Let $K$ be a compact space and let $B$ be the space of bounded Borel functions on $K$ equipped with the supremum norm. Show that simple functions (i.e. functions attaining only a finite number of values) are dense in $B$.
I have seen the proof showing simple functions are dense in $L_{p}$ space. Can't see how I can adapt it to this case.
Thanks
First Proof. Let $f$ be a bounded Borel function and $\varepsilon>0$. Let $s=\sup_{x\in K} \lvert f\rvert<\infty$, $M=\lfloor M\rfloor+1$ and $n\in\mathbb N$, such that $1/n<\varepsilon$.
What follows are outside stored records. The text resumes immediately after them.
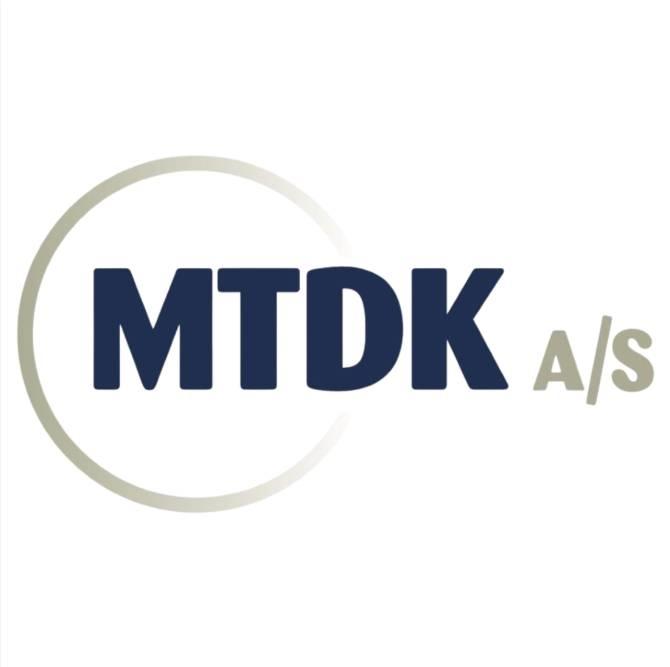 AMT TGL400 Piekabes pašizgāzēji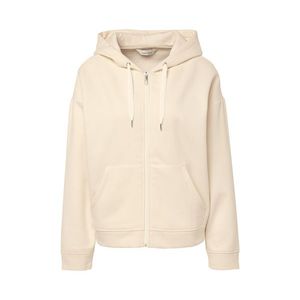 Pohodlná mikina vyobraziť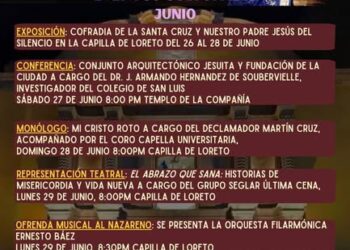 ATAQUE ARMADO DEJA AL MENOS DOS ELEMENTOS DE LA GUARDIA CIVIL HERIDOS EN SAN CIRO DE ACOSTA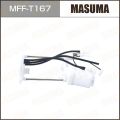 Masuma MFFT167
Let $$ E_{k,n}=\left\{x\in K: \frac{k}{n}\le f(x)<\frac{k+1}{n}\right\}, \quad -nM\le k\le nM. $$ Define $$ f_n=\sum_{k=-nM}^{nM} \frac{k}{n}\chi_{E_{k,n}}, $$ where $\chi_{E_{k,n}}$ is the characteristic of $E_{k,n}$. Then the range of $f_n$ is finite and $$ \|f_n-f\|_\infty\le \frac{1}{n}<\varepsilon. $$
Second Proof. This space, the $\mathscr L^\infty(K)$ is the dual of the space $\mathcal M(K)$ of complex (or signed) Borel measures on $K$ (this is not a trivial fact). But assuming this, what you want to show becomes very simple, as it suffices to show that if $\mu\in\mathcal M(K)$, and $\int_K f\,d\mu=0$, for every Borel $f$ with finite range, then $\mu=0$. Or equivalently: if $\int_K \chi\,d\mu=0$, for every Borel characteristic, then $\mu=0$. Or equivalently: if $\mu(E)=0$, for every Borel $E$, then $\mu=0$.